DIRECTIONS - All of the listing should be returned as written, apart from any picture in it.

━━ PROVIDED DATA

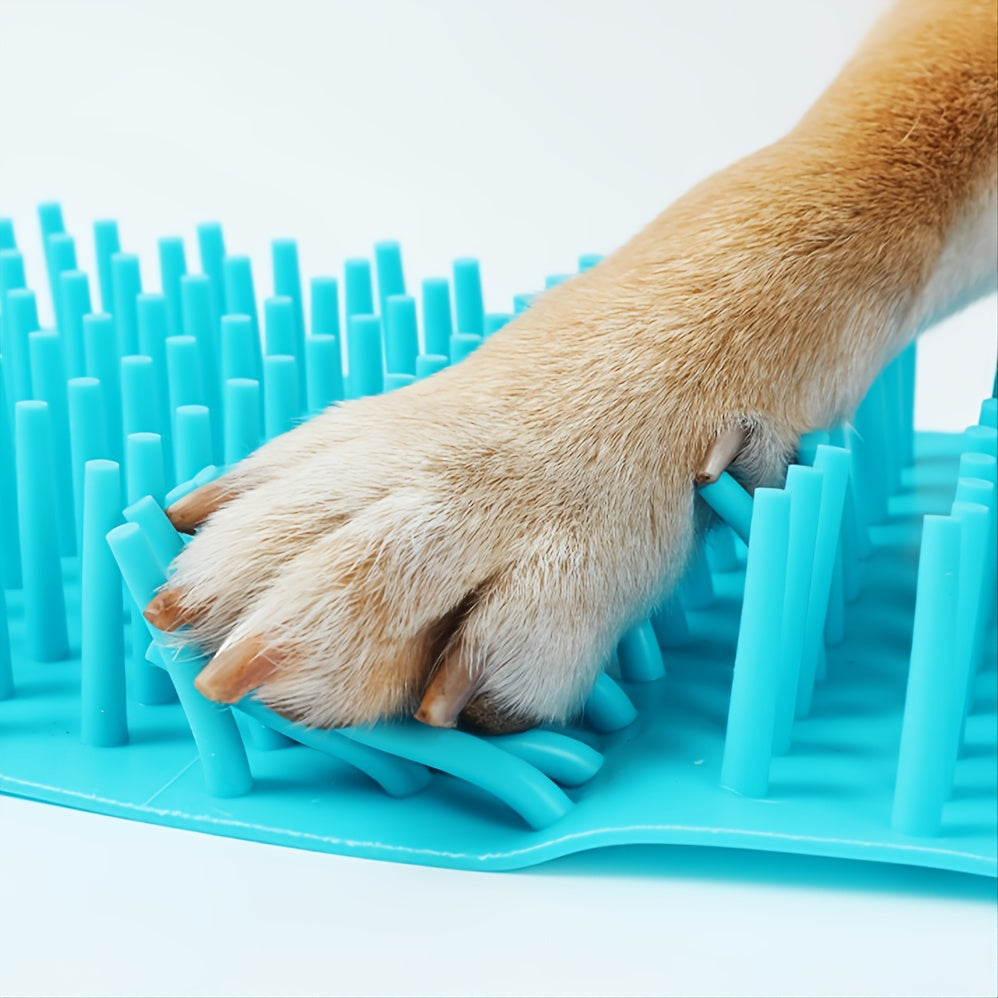 Pet Washing Cup Soft Silicone Foot Cleaning Cup Portable Brush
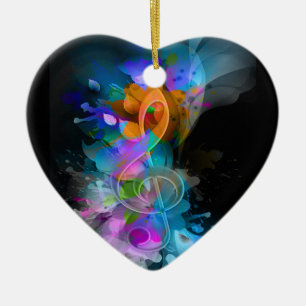 Ornamento De Cerâmica Bonita Coloração Flores De Flor De Flor De Flor De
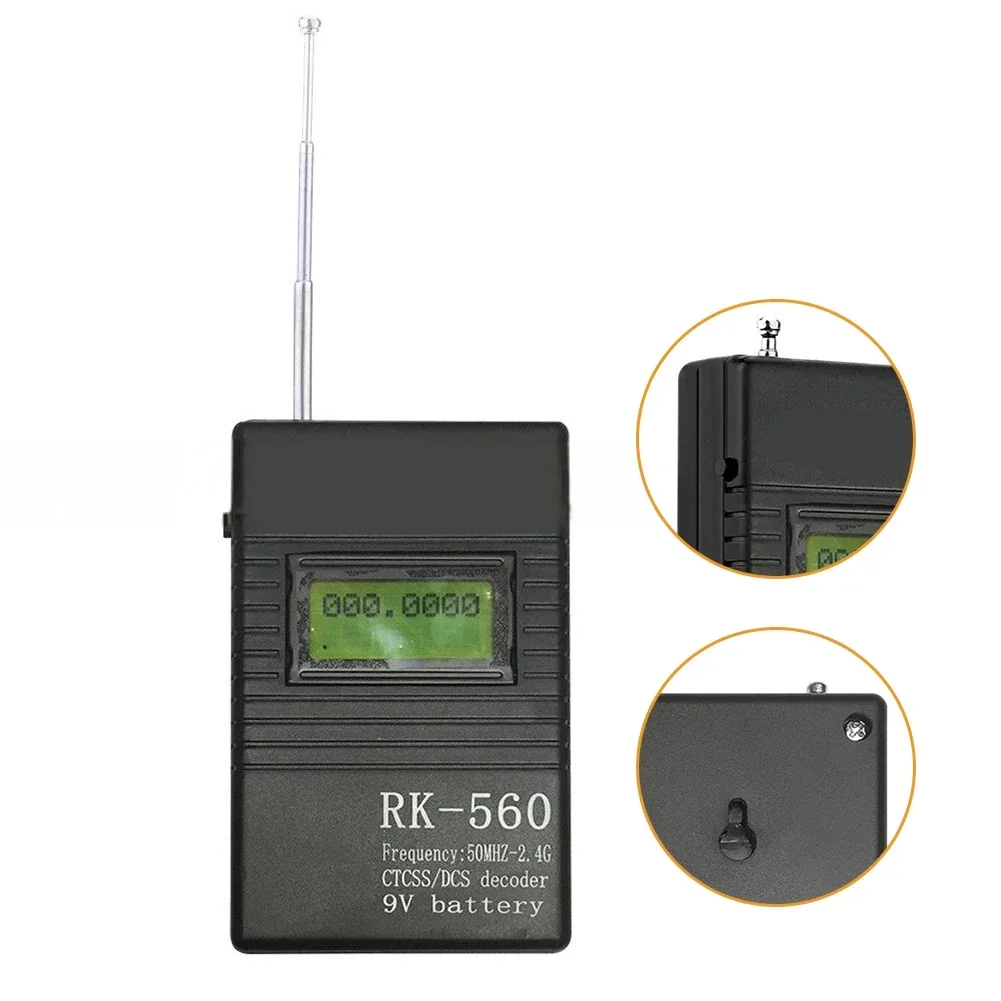 1pc RK560 Frequency Meter Counter Accurate Testing 50MHZ-2.4GHz Battery Powered Frequency Counter Instruments Replace Parts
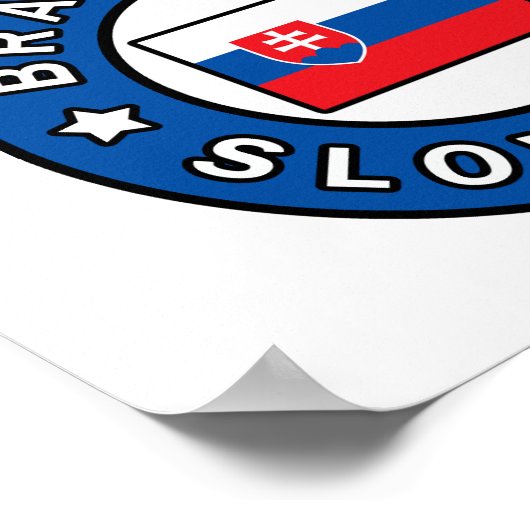 Bratislava Slowakei Poster (Ecke)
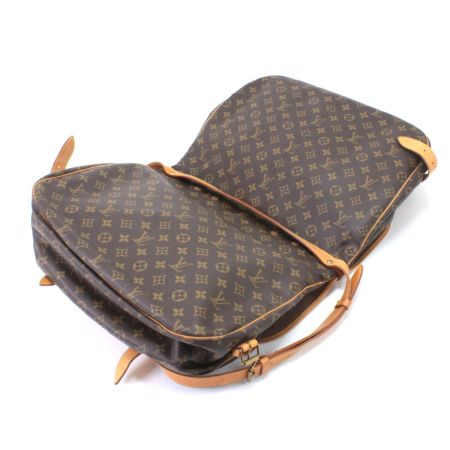 LOUIS VUITTON ルイヴィトン モノグラム ソミュール43 ショルダーバッグ M42252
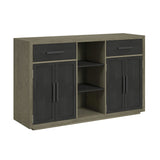 Jemma Buffet in Grey and Dark Espresso
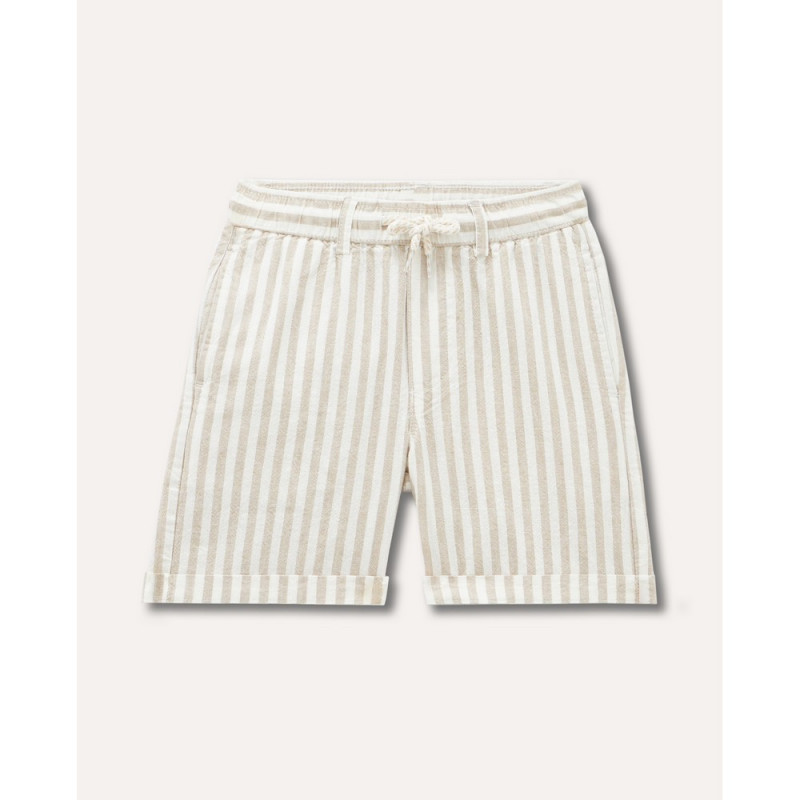 BLUKIDS SORTS WHITE-STRIPED BROWN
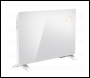 Sealey DH140 Baridi Electric Glass Panel Heater, 2000W, Thermostat Controlled 24Hr 7 Day Timer, Wi-Fi Enabled, Remote Control, White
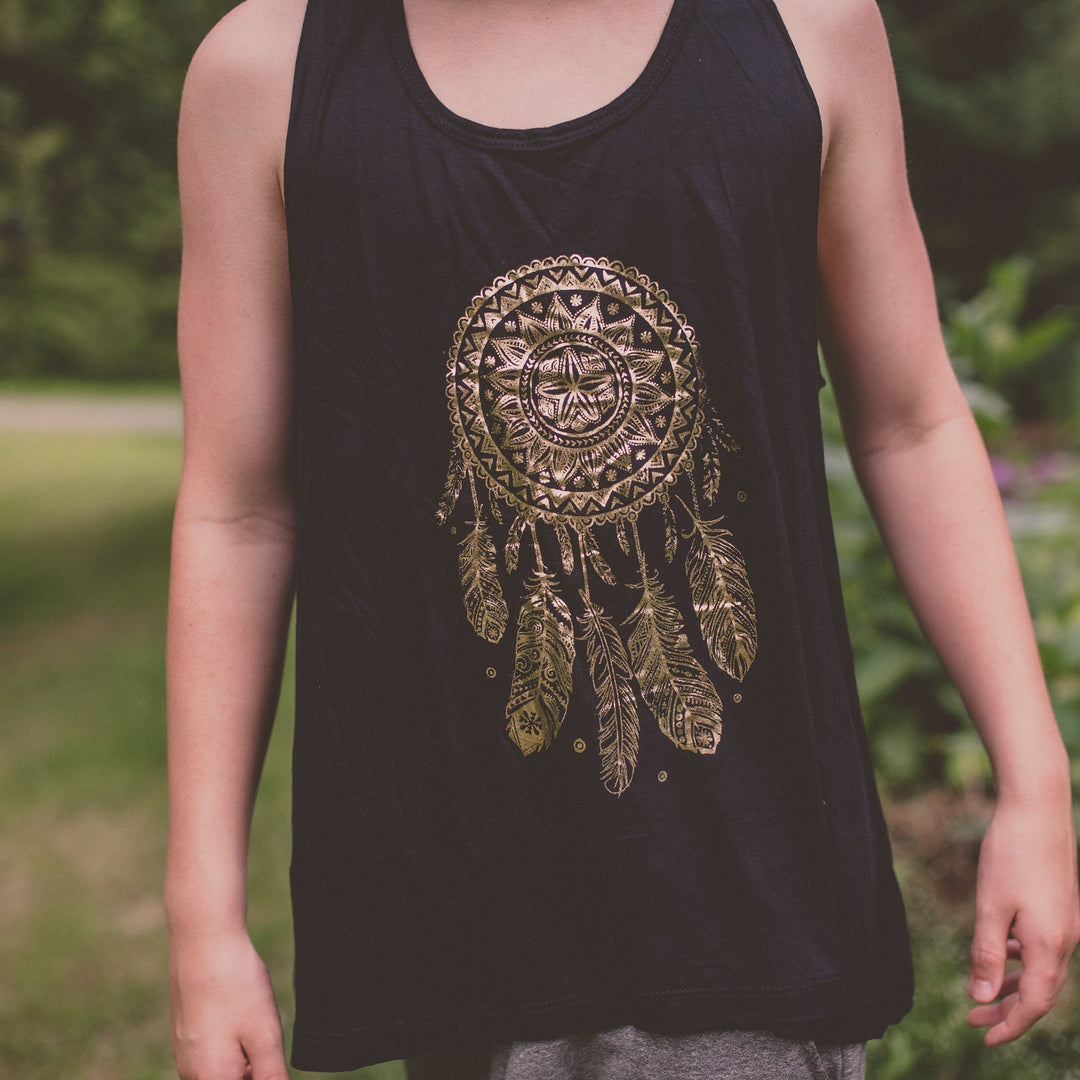 Screenprint Dreamcatcher Pattern Tops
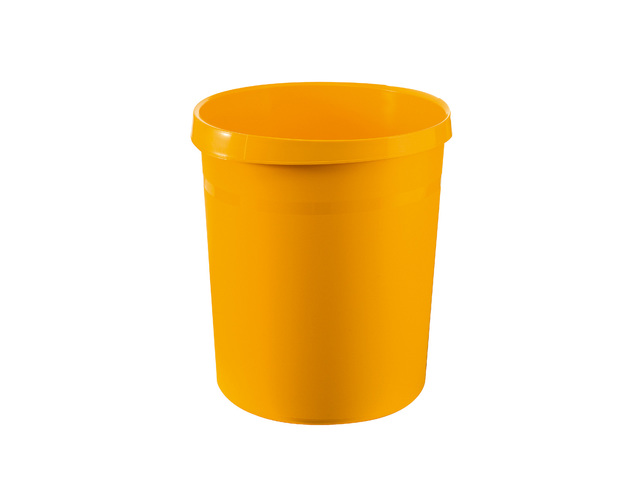 Papierbak HAN Grip 18 liter met 2 grijpranden, geel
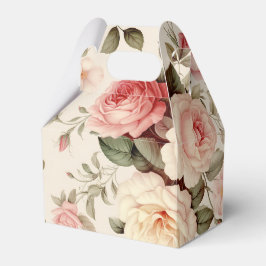 Caixinha De Lembrancinhas Rosas de Inglês Elegante Rosa
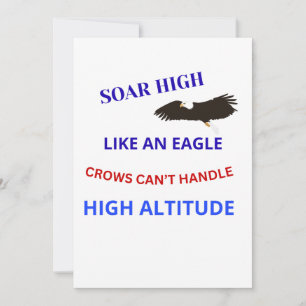 Schwebe hoch wie ein Adler  Dankeskarte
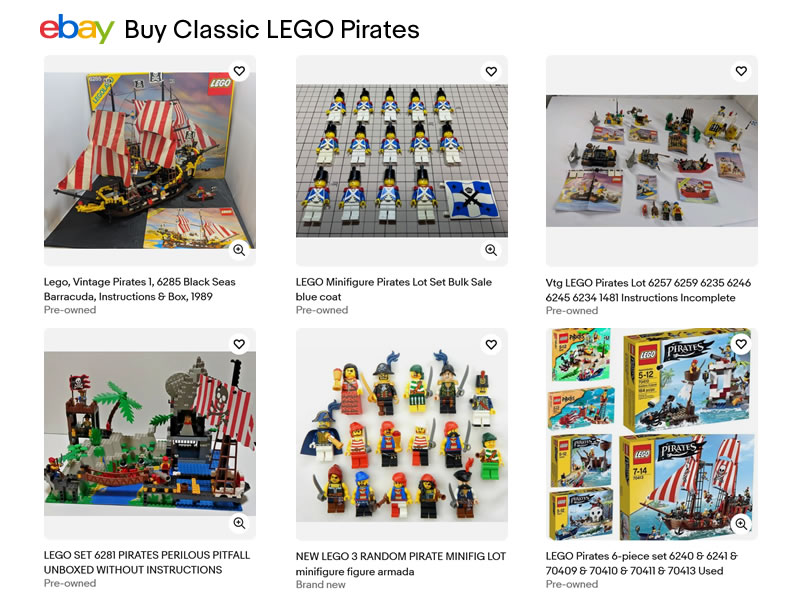 LEGO Pirates for sale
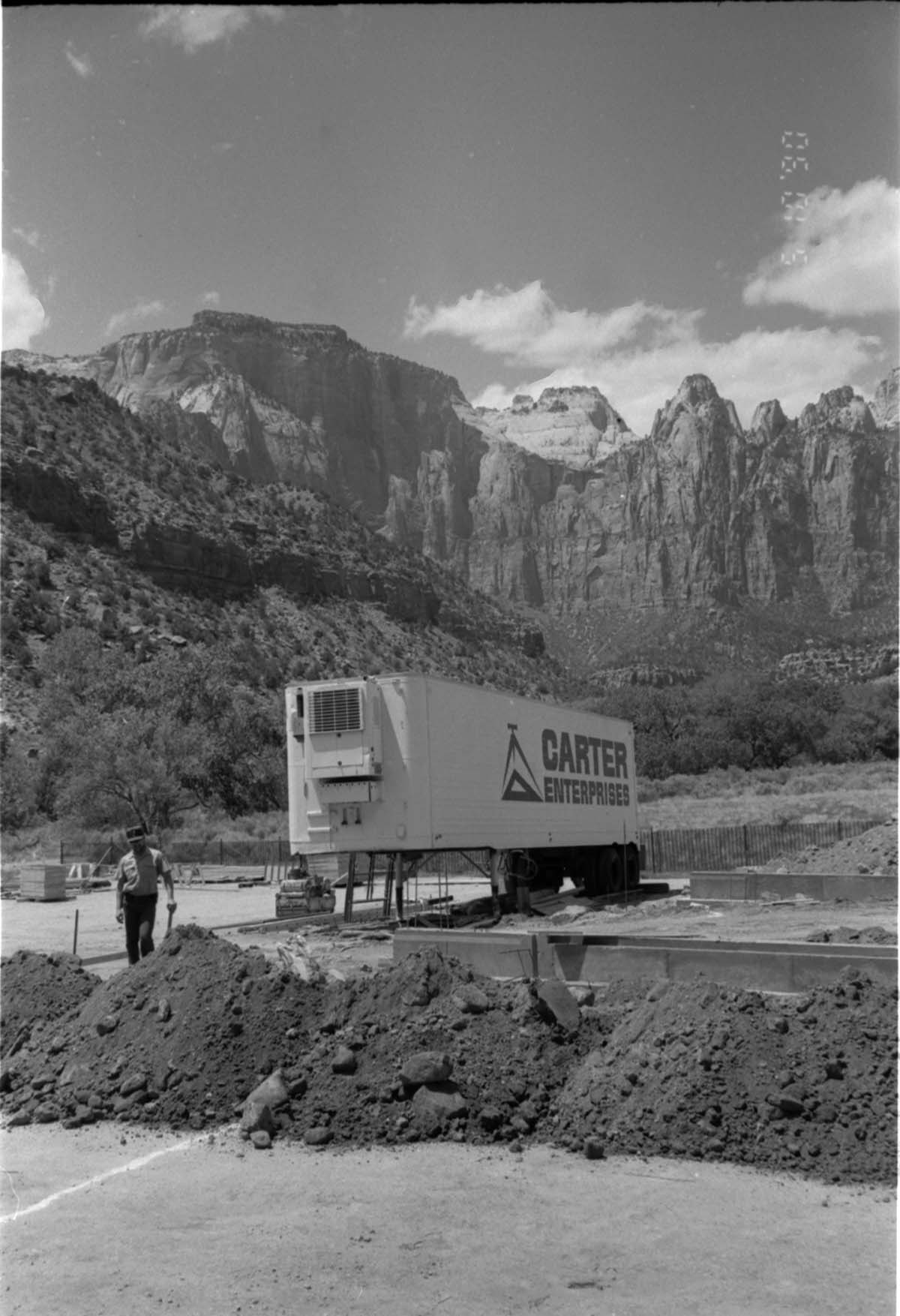 Construction of headquarters addition.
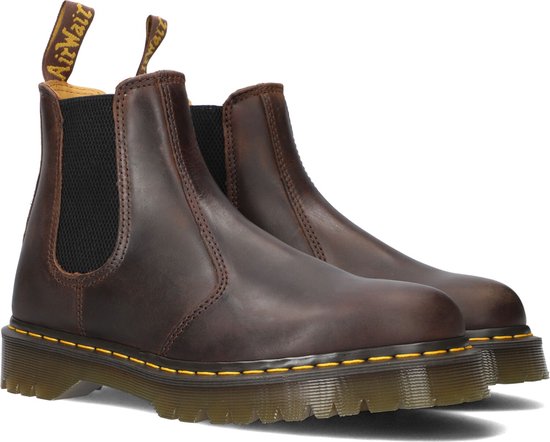 Bruin Tinten 2976 Bex Chelsea boots - Enkellaarsjes - Heren - Bruin - Maat 43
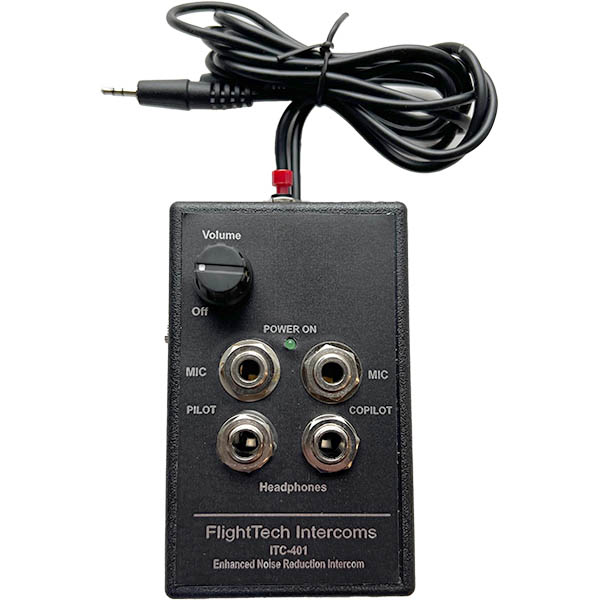 Flighttech ITC-401 ENRI 2-Place Portable Intercom | Aircraft Spruce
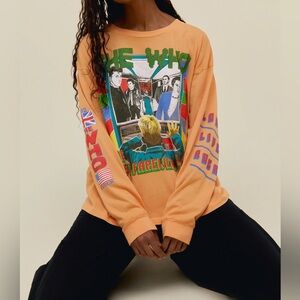 NEW! DAYDREAMER The Who First Farewell Tour Long Sleeve Tee Vintage Peach.    6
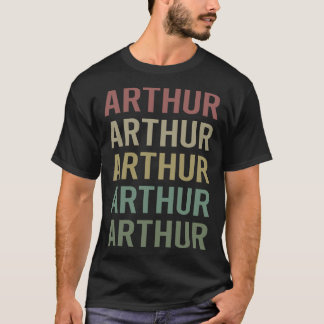 Colourful Text Art - Arthur Name T-Shirt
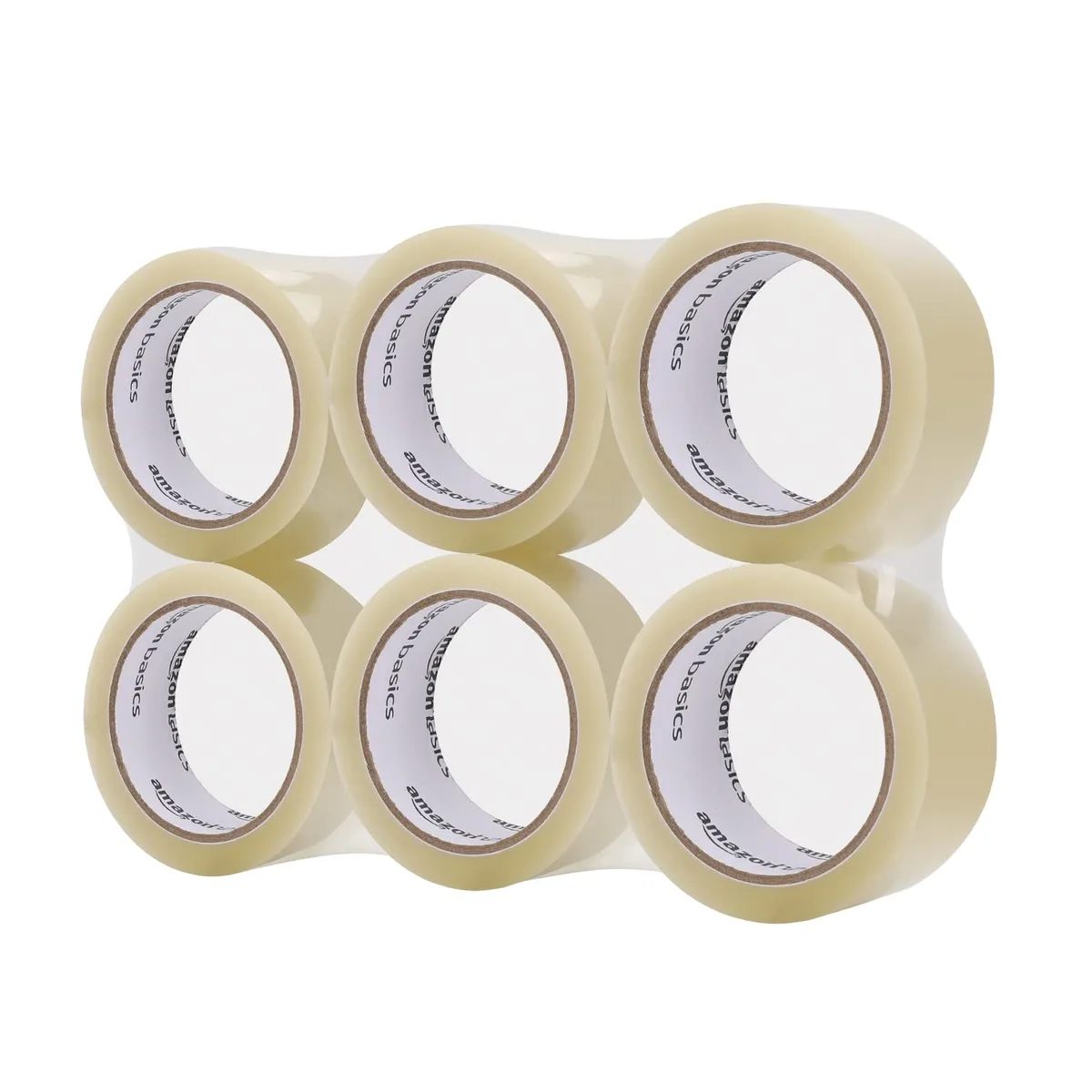  Amazon Basics DS-TAP004 Clear Packing Tape 1.9 in x 60.3 yd 1.8 mil 6 Rolls — product photo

━━━━

WRITTEN ANSWER -
 Pet Washing Cup Soft Silicone Foot Cleaning Cup Portable Brush
 Ornamento De Cerâmica Bonita Coloração Flores De Flor De Flor De Flor De
 1pc RK560 Frequency Meter Counter Accurate Testing 50MHZ-2.4GHz Battery Powered Frequency Counter Instruments Replace Parts
 Bratislava Slowakei Poster (Ecke)
 LOUIS VUITTON ルイヴィトン モノグラム ソミュール43 ショルダーバッグ M42252
 Jemma Buffet in Grey and Dark Espresso
 BLUKIDS SORTS WHITE-STRIPED BROWN
 Sealey DH140 Baridi Electric Glass Panel Heater, 2000W, Thermostat Controlled 24Hr 7 Day Timer, Wi-Fi Enabled, Remote Control, White
 Screenprint Dreamcatcher Pattern Tops
 Papierbak HAN Grip 18 liter met 2 grijpranden, geel
 Caixinha De Lembrancinhas Rosas de Inglês Elegante Rosa
 Schwebe hoch wie ein Adler  Dankeskarte
 LEGO Pirates for sale
 Construction of headquarters addition.
 Bruin Tinten 2976 Bex Chelsea boots - Enkellaarsjes - Heren - Bruin - Maat 43
 Flighttech ITC-401 ENRI 2-Place Portable Intercom | Aircraft Spruce
 NEW! DAYDREAMER The Who First Farewell Tour Long Sleeve Tee Vintage Peach.    6
 Colourful Text Art - Arthur Name T-Shirt
  Amazon Basics DS-TAP004 Clear Packing Tape 1.9 in x 60.3 yd 1.8 mil 6 Rolls — product photo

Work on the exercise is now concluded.